Louis Lebegue Duportail (14 May 1743 – 12 August 1802) was the chief engineer of the Continental Army during the American Revolutionary War from 1777 to 1783 (succeeding Rufus Putnam and preceding Stephen Rochefontaine) and Secretary of State for War of France from 16 November 1790 to 7 December 1791, succeeding Jean-Frederic de la Tour du Pin-Gouvernet and preceding Louis de Narbonne-Lara.
Biography[]
Louis Lebegue Duportain was born on 14 May 1743 in Orleans, France, and he graduated from the royal engineer school in Mezieres in 1765 as an engineer officer. Duportain became a Lieutenant-Colonel in the Royal Corps of Engineers, and in March 1777 King Louis XVI of France sent Duportail to serve as the chief engineer of the Continental Army for George Washington as per an agreement with Benjamin Franklin.

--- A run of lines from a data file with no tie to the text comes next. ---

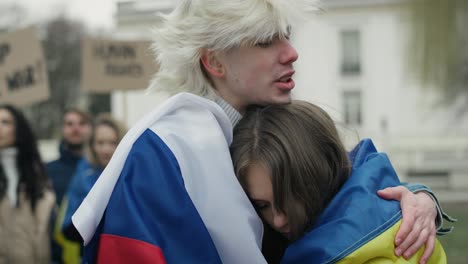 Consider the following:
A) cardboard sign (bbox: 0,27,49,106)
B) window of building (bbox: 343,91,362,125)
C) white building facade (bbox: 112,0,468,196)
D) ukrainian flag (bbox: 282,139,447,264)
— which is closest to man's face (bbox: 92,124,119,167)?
cardboard sign (bbox: 0,27,49,106)

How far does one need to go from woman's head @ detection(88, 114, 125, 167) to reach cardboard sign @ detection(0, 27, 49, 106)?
1034 millimetres

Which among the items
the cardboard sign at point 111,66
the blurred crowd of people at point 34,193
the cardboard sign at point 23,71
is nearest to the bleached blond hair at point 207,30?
the blurred crowd of people at point 34,193

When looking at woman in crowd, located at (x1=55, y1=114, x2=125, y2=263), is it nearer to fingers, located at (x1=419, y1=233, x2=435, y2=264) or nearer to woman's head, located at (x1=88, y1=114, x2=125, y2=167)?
woman's head, located at (x1=88, y1=114, x2=125, y2=167)

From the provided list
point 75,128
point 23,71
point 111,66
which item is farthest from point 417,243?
point 111,66

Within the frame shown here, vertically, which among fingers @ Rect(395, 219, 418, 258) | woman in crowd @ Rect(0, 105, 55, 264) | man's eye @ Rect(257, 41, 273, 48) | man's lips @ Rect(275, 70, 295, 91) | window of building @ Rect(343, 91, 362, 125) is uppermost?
man's eye @ Rect(257, 41, 273, 48)

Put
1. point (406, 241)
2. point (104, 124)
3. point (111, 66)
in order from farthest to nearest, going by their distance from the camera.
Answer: point (111, 66), point (104, 124), point (406, 241)

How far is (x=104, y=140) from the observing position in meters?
5.30

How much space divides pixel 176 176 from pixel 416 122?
3085 centimetres

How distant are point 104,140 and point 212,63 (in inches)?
125

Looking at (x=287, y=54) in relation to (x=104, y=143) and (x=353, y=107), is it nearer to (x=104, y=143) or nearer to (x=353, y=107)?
(x=104, y=143)

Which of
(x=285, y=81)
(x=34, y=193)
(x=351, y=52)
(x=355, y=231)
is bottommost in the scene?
(x=351, y=52)

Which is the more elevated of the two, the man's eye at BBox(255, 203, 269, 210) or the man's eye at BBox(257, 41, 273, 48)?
the man's eye at BBox(257, 41, 273, 48)

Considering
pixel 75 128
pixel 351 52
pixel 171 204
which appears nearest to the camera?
pixel 171 204

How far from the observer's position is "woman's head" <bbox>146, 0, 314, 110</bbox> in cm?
214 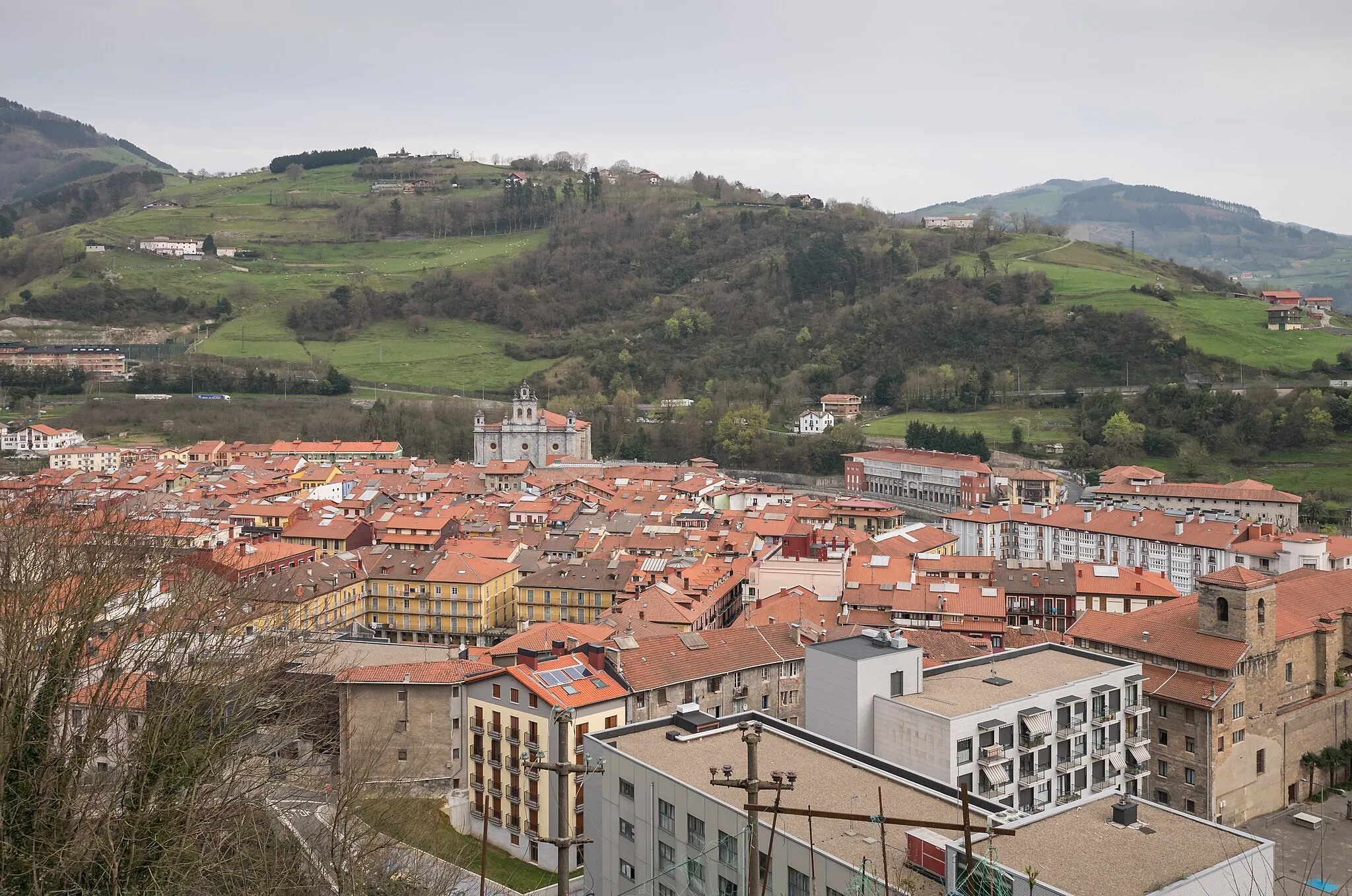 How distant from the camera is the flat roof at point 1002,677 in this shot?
15.7 m

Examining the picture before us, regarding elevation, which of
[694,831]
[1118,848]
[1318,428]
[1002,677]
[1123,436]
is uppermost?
[1318,428]

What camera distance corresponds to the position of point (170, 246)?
98812 millimetres

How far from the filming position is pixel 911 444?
61844 mm

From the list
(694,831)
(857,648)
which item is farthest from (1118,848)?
(857,648)

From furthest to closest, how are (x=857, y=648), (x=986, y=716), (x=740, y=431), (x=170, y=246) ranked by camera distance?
1. (x=170, y=246)
2. (x=740, y=431)
3. (x=857, y=648)
4. (x=986, y=716)

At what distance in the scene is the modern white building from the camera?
6888 cm

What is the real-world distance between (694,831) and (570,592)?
798 inches

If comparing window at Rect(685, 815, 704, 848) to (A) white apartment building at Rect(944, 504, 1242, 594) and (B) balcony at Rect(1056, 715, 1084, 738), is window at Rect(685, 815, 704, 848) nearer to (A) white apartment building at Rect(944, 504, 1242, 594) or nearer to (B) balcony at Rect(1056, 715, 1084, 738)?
(B) balcony at Rect(1056, 715, 1084, 738)

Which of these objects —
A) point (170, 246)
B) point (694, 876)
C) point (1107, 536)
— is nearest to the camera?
point (694, 876)

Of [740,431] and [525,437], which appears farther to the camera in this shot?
[525,437]

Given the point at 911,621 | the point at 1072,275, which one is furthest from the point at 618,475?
the point at 1072,275

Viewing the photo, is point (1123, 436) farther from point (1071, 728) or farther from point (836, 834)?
point (836, 834)

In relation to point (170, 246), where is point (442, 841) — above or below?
below

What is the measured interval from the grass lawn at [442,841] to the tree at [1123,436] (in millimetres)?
44720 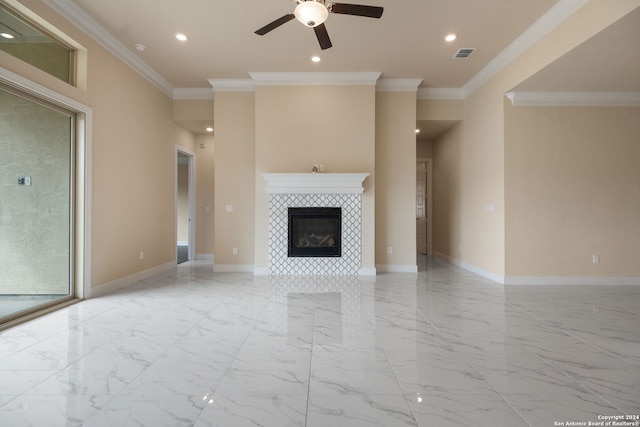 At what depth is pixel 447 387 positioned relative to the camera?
6.01 ft

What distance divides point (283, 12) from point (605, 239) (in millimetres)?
5405

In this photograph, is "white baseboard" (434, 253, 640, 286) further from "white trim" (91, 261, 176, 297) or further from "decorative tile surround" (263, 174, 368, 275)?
"white trim" (91, 261, 176, 297)

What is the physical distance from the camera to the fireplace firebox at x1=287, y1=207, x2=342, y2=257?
5191 millimetres

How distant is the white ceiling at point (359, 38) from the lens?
11.0 ft

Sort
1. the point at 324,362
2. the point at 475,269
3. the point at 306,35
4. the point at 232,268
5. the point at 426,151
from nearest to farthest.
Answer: the point at 324,362, the point at 306,35, the point at 475,269, the point at 232,268, the point at 426,151

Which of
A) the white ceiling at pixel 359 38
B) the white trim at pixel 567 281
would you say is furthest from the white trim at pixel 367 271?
the white ceiling at pixel 359 38

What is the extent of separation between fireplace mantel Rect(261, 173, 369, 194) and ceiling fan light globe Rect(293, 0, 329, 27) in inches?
101

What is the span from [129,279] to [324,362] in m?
3.73

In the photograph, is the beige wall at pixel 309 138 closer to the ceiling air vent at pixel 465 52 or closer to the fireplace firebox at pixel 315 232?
the fireplace firebox at pixel 315 232

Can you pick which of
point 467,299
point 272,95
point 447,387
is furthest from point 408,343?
point 272,95

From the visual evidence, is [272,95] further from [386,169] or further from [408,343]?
[408,343]

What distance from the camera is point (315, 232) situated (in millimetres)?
5273

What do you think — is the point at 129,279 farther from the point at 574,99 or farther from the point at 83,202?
the point at 574,99

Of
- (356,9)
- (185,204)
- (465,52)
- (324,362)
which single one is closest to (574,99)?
(465,52) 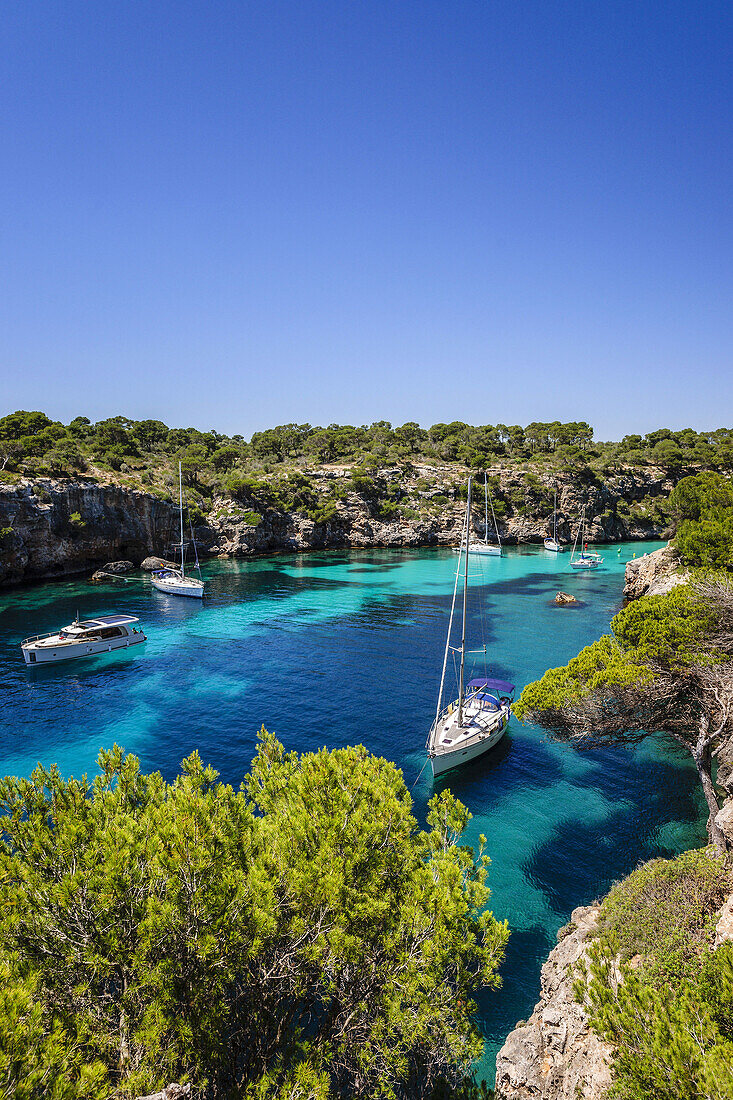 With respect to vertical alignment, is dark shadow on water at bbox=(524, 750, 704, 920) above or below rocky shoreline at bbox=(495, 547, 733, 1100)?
below

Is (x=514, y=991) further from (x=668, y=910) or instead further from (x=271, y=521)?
(x=271, y=521)

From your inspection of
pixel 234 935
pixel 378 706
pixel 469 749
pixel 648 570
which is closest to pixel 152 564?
pixel 378 706

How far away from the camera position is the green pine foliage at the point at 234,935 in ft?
19.2

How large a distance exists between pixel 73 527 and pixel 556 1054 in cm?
6342

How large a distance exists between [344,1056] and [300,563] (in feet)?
204

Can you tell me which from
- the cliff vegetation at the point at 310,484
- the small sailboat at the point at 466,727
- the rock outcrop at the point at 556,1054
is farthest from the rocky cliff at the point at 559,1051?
the cliff vegetation at the point at 310,484

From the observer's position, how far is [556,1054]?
24.9ft

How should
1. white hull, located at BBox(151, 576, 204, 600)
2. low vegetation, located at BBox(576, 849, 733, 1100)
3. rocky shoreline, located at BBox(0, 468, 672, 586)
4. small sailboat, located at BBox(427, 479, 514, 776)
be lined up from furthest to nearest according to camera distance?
1. rocky shoreline, located at BBox(0, 468, 672, 586)
2. white hull, located at BBox(151, 576, 204, 600)
3. small sailboat, located at BBox(427, 479, 514, 776)
4. low vegetation, located at BBox(576, 849, 733, 1100)

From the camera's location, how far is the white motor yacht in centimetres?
3241

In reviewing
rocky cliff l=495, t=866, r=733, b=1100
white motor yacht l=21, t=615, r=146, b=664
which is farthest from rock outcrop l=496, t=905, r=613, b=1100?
white motor yacht l=21, t=615, r=146, b=664

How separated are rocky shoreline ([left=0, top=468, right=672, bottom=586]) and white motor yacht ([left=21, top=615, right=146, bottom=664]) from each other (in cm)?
2390

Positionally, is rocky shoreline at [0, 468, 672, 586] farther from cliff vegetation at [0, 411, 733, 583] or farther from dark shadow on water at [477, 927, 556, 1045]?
dark shadow on water at [477, 927, 556, 1045]

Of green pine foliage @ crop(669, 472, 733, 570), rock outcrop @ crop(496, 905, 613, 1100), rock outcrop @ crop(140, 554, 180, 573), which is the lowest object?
rock outcrop @ crop(496, 905, 613, 1100)

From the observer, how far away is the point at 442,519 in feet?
283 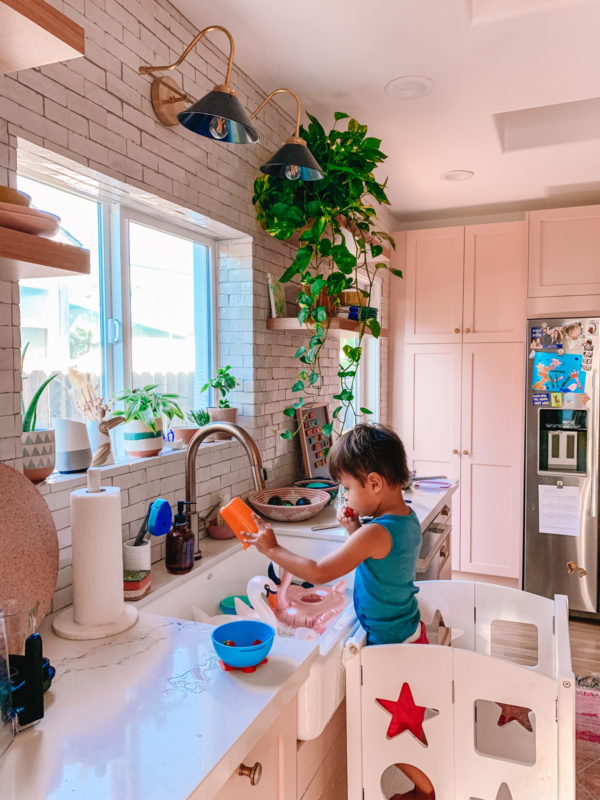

Duportail was promoted to Colonel in July 1777, and he took part in the construction of fortifications from Boston, Massachusetts in the north to Charleston, South Carolina in the south. Duportail was promoted to Major-General after supervising the siege of Yorktown in 1781, and he returned to France in October 1783. For one year (winter of 1790-winter of 1791), Duportail served as Secretary of State for War of the Kingdom of France after the French Revolution, but he was forced to return to the United States after radical Jacobins sought to kill him. Duportail bought a farm near Valley Forge, where he died in 1802.